Bug 263116

Summary: System can't boot after auto update of kernel
Product: [openSUSE] openSUSE 10.2 Reporter: Alan Goodale <alan.goodale>
Component: KernelAssignee: Stefan Fent <stefan.fent>
Status: RESOLVED FIXED QA Contact: E-mail List <qa-bugs>
Severity: Critical    
Priority: P5 - None CC: aj, angellafuente, stefan.fent
Version: Final   
Target Milestone: ---   
Hardware: x86-64   
OS: openSUSE 10.2   
Whiteboard:
Found By: Customer Services Priority:
Business Priority: Blocker: ---
Marketing QA Status: --- IT Deployment: ---
Attachments: Produced by the YAST-Hardware Information utility
Produced by the YAST-Post a Support Query utility
perl-Bootloader package for testimg ONLY, this is NO PTF or final product
Results of perl bootloader test 134973

Description Alan Goodale 2007-04-11 00:43:48 UTC
Installation of Open Suse 10.2 works until the kernel is updated, after which the system is unbootable.  This problem occurs 100% of the time (with every installation).  Specifically, it occurs when the kernel is updated from 2.6.18.2-34 to 2.6.18.8-0.1 by the automatic on-line update feature.  When the update occurs it creates two problems with the menu.lst file in the boot/grub directory, leaving the system unbootable .

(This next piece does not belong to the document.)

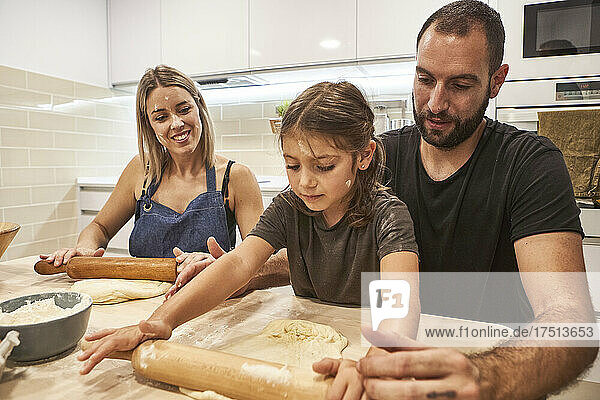 Family kneading pizza dough with rolling pins on table in kitchen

The first problem is with the original entries in the file.  These entries remain after the update, which in my opinion is a good idea, as it is nice to be able to go back to a previous version should there be a serious problem with the new one.  unfortunately, the kernel files that are referenced by these original entries are erased.  Selecting any of them results iN a "file not found" error.

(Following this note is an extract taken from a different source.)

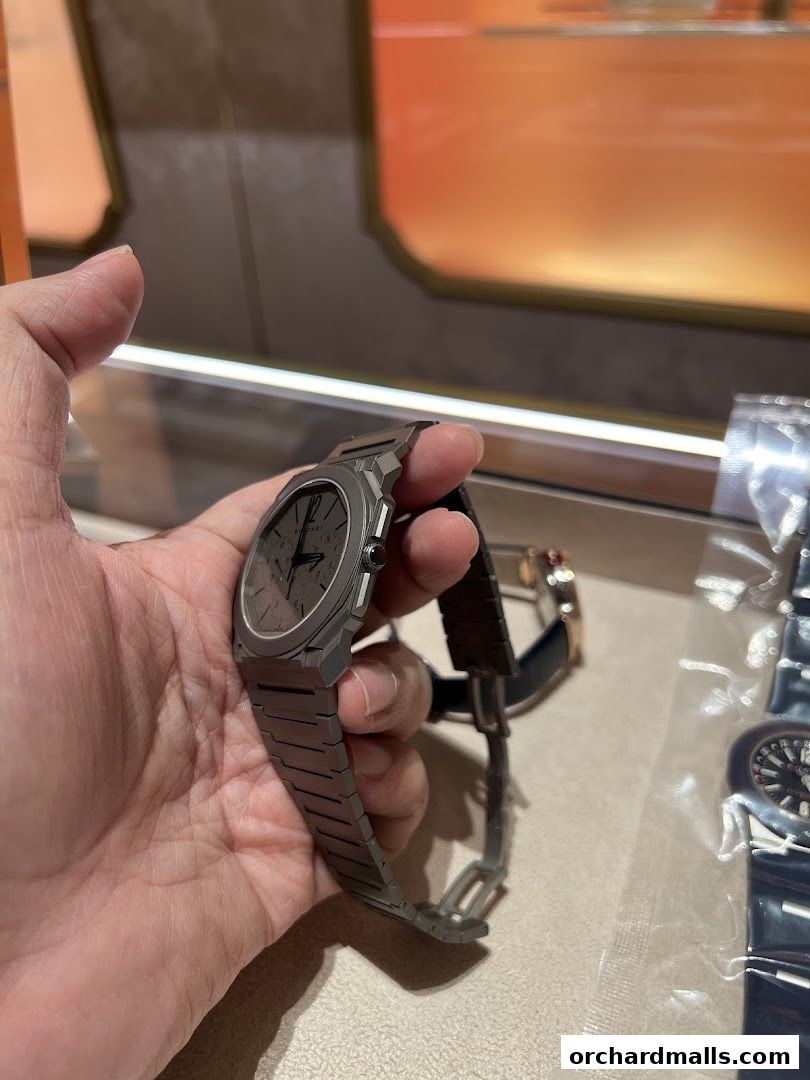 A hand holds a sleek, modern watch with a metal band in a retail display.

The second problem is with the new entries.  The entry for the "root" parameter contains a string which GRUB cannot interpret, resulting in a parsing error.  This makes the new entries also unusable.  The string that is inserted is "/dev/mapper/nvidia_ddcffgid_part7".  If I manually replace this string with a proper reference such as (hd0,4) before the system reboots, then the new entries are now usable and the system can be booted and used.

My suspicion is that this is being caused because of my motherboard based RAID controller.  I know that recognition of these controllers is a new feature with 10.2, and it worked well for the initial installation, but I suspect that the update process is not so versatile, resulting in the problems.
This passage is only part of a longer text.